- _EXERCISE GOAL_:
Using the listing below, retype only the lines from the line with "Bisikletli araca çarpıp düştü; işte o anlar" through the end, both ends included, and exclude the pictures.

- _ENTRIES SHOWN_:
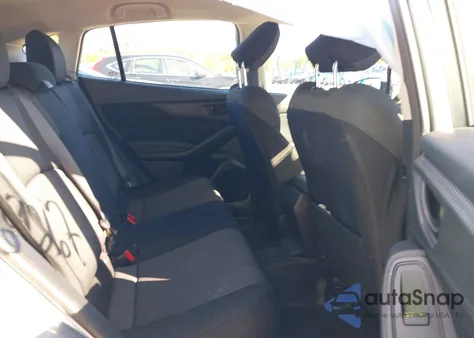 2020 Subaru Impreza 5-Door z USA, uszkodzony, nr VIN 4S3GTAB6XL3713696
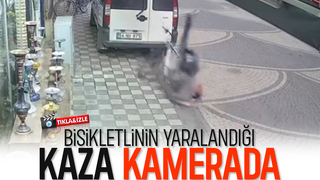 Bisikletli araca çarpıp düştü; işte o anlar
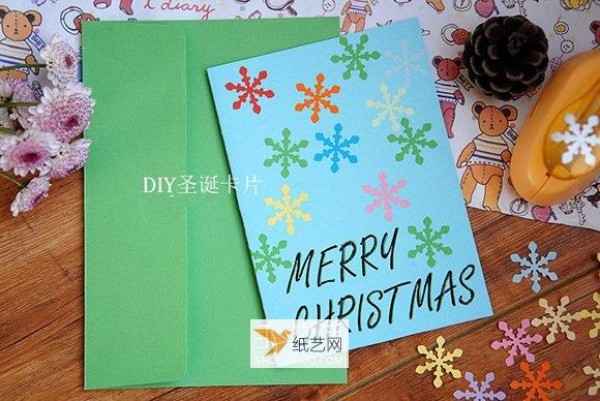 Experience the colorful and wonderful production tutorial of DIY Christmas cards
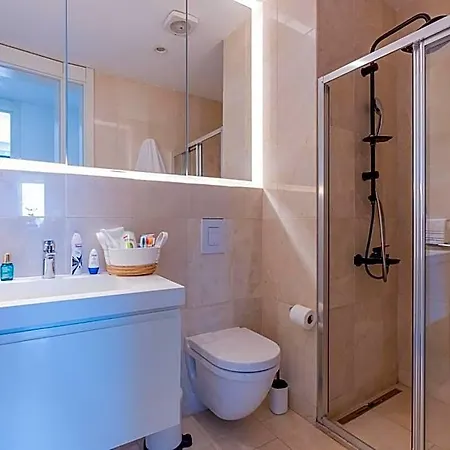 Golden Stones House View فندق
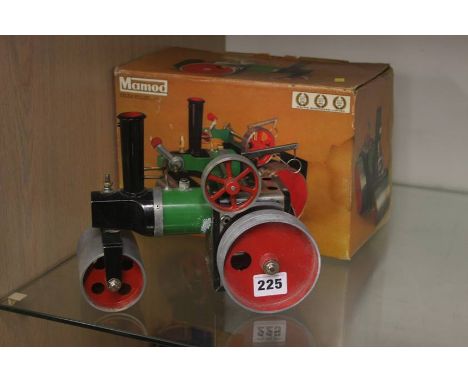 Boxed Mamod steam roller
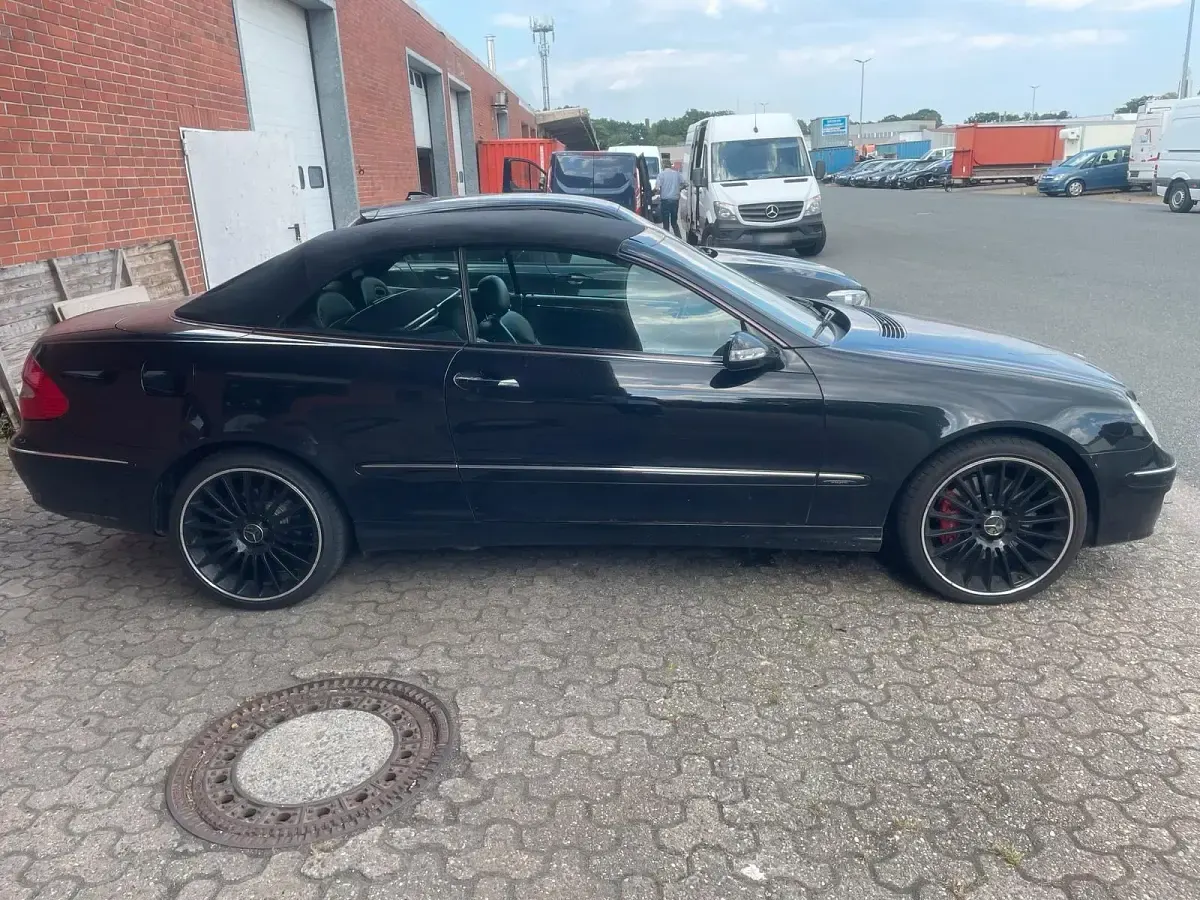 Gebraucht Mercedes CLK320 224 PS (164 kW) 2006 Schwarz Cabrio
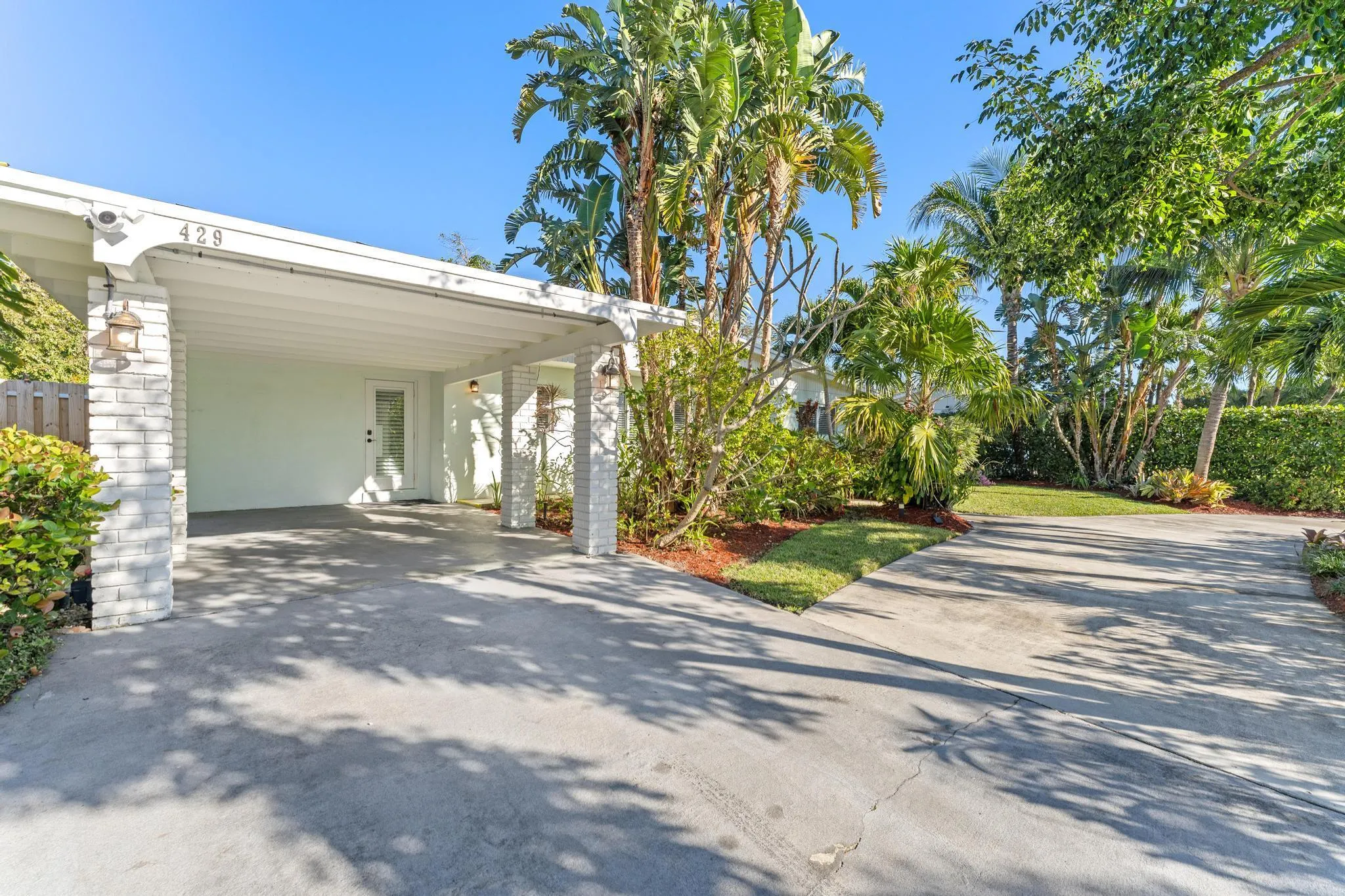 429 Inlet Road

- _EXERCISE RESPONSE_:
 Bisikletli araca çarpıp düştü; işte o anlar
 Experience the colorful and wonderful production tutorial of DIY Christmas cards
 Golden Stones House View فندق
 Boxed Mamod steam roller
 Gebraucht Mercedes CLK320 224 PS (164 kW) 2006 Schwarz Cabrio
 429 Inlet Road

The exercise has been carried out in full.